No contexto escolar, a inclusão do estudante com Síndrome de Rett exige sensibilidade didática e superação de barreiras estruturais. Por não se tratar de uma limitação do desejo de comunicar, mas sim de uma barreira motora grave (apraxia), o professor deve focar no desenvolvimento de alternativas pedagógicas:

  1. Comunicação Alternativa e Ampliada (CAA): uso de cartões, pranchas ilustradas, acionadores ou tecnologias de rastreamento pelo olhar (eye-tracking)
  2. Respeito ao tempo de resposta (Latência): o cérebro da criança necessita de um tempo maior para processar a pergunta e emitir a resposta motora. A paciência pedagógica é uma ferramenta de ensino;
  3. Atividades adaptadas: as tarefas não devem ser simplificadas em termos de inteligência, mas sim adaptadas em sua forma. A avaliação e a escolha de respostas devem ocorrer por indicação visual, descartando exigências de escrita manual ou recorte.

Sob o respaldo da Lei Brasileira de Inclusão (Lei nº 13.146/2015), a estudante com Síndrome de Rett tem garantidos o acesso ao Atendimento Educacional Especializado (AEE) com a elaboração de um Plano de Desenvolvimento Individual (PDI), além do direito ao Profissional de Apoio Escolar (acompanhante) para auxílio nas demandas de locomoção, higiene, alimentação e acessibilidade comunicacional.
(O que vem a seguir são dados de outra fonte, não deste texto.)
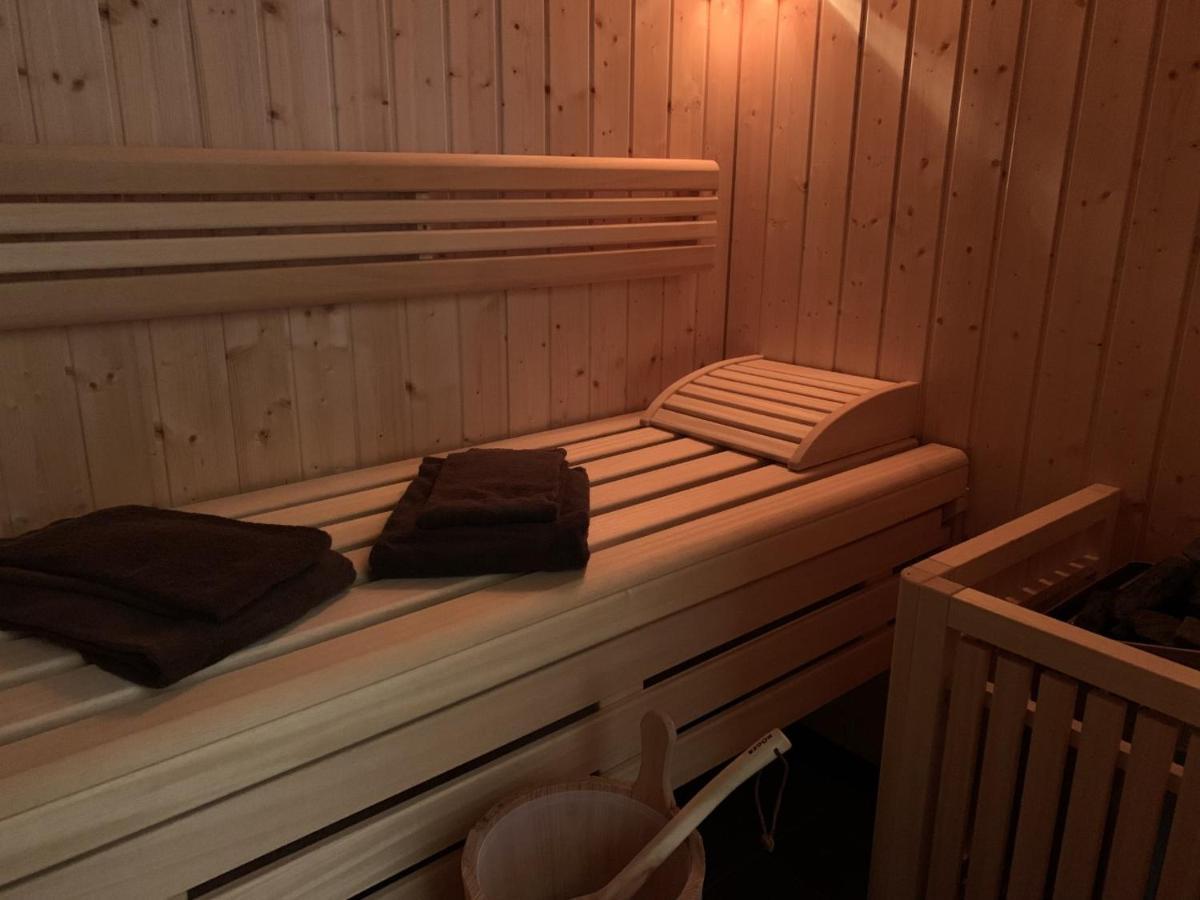 H&P Touristik Residenz Grafenmatt Gra-3-1 Appartement Feldberg  Buitenkant foto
Compreender a Síndrome de Rett é aprender a escutar onde o som não alcança e a enxergar a potência no olhar de cada estudante. Quando a escola, a família e os profissionais caminham lado a lado, abrimos portas para que o desenvolvimento aconteça de forma digna, respeitosa e repleta de afeto.

Chegamos ao fim de mais um texto do nosso quadro semanal de orientações sobre síndromes e transtornos, e espero de coração que este conteúdo tenha trazido clareza e acalento para o seu dia a dia, seja na sala de aula ou no convívio familiar. A inclusão se faz diariamente, no detalhe de cada gesto e no desejo sincero de aprender juntos. Um abraço bem carinhoso e acolhedor a cada um de vocês, leitores tão especiais da nossa coluna. Aguardo todos com muito carinho na nossa próxima edição!